Did you have any luck?


----------



## Kempo Guy (Nov 3, 2003)

If you're still interested send me a pm or email me. I may be able to point you in the right direction.


----------



## kakmix (Nov 26, 2003)

there is one in sollerön


----------



## Jay Bell (Nov 26, 2003)

www.dojoofthefourwinds.com


----------



## Kempo Guy (Nov 26, 2003)

I thought Mr. Williams primarily taught Systema these days... and Kuroda family ryugi?
KG


----------



## Jay Bell (Nov 26, 2003)

He still teaches Nami ryu as well.


----------



## Mark Jakabcsin (Dec 9, 2003)

If the Long Beach area is close enough send me a pm or email and I'll send you some contact info.

mark


----------



## Cruentus (Dec 9, 2003)

Whats the linage of Akijitsu anyways? Just curious.


----------



## Kempo Guy (Dec 9, 2003)

What do you mean by lineage of Aikijutsu?
The most known system of Aikijutsu is Daito Ryu, which is an art founded by Sokaku Takeda. I have read that it descended from various MA of the Aizu-han and the Takeda family, interspersed with Sokaku Takeda's own experiences in various kenjutsu school (I believe he studied Jikishinkage ryu and Itto ryu along with other arts).

There are other systems of Aiki, but they are either obscure or have unverifiable lineage  (some are outright bogus).
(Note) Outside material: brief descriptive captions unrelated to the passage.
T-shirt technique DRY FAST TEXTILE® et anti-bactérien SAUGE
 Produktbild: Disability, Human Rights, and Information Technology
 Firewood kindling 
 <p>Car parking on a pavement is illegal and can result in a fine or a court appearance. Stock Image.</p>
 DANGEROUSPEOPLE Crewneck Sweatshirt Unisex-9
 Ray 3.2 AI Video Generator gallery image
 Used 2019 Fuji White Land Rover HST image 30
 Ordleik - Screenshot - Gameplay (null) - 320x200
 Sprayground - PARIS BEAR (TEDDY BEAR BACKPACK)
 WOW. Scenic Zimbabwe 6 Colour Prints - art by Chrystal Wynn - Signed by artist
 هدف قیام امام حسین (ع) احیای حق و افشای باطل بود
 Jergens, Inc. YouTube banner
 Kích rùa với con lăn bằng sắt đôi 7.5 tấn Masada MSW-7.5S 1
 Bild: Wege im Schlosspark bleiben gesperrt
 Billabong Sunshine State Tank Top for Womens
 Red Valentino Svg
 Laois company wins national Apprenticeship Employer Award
Some known systems of Aiki are Shidare Yanagi Ryu, Kaze Arashi Ryu, Takeda Ryu....

KG


----------



## Cruentus (Dec 9, 2003)

> _Originally posted by Kempo Guy _
> *What do you mean by lineage of Aikijutsu?
> The most known system of Aikijutsu is Daito Ryu, which is an art founded by Sokaku Takeda. I have read that it descended from various MA of the Aizu-han and the Takeda family, interspersed with Sokaku Takeda's own experiences in various kenjutsu school (I believe he studied Jikishinkage ryu and Itto ryu along with other arts).
> 
> ...



I know little about Japanese arts, so please excuse my ignorance.
I just like to learn about arts I don't know much about.

When was Daito Ryo founded?


----------



## Kempo Guy (Dec 10, 2003)

Apparently the first records showing the name "Daito Ryu" was during the Taisho period (1912-1926) in Sokaku Takeda's enrollment books. 

The term Daito Ryu Aikijujutsu seems to have come into play around (or after) 1922 after Sokaku Takeda Sensei's meeting with Onisaburo Deguchi (the leader of the Omoto Kyo religion and the spiritual advisor to Morihei Ueshiba, the founder of Aikido). 

So I guess there is no specific date that shows the founding of this art. 

BTW, if you are interested in learning more about Daito Ryu history, check the articles section at www.aikidojournal.com

KG


----------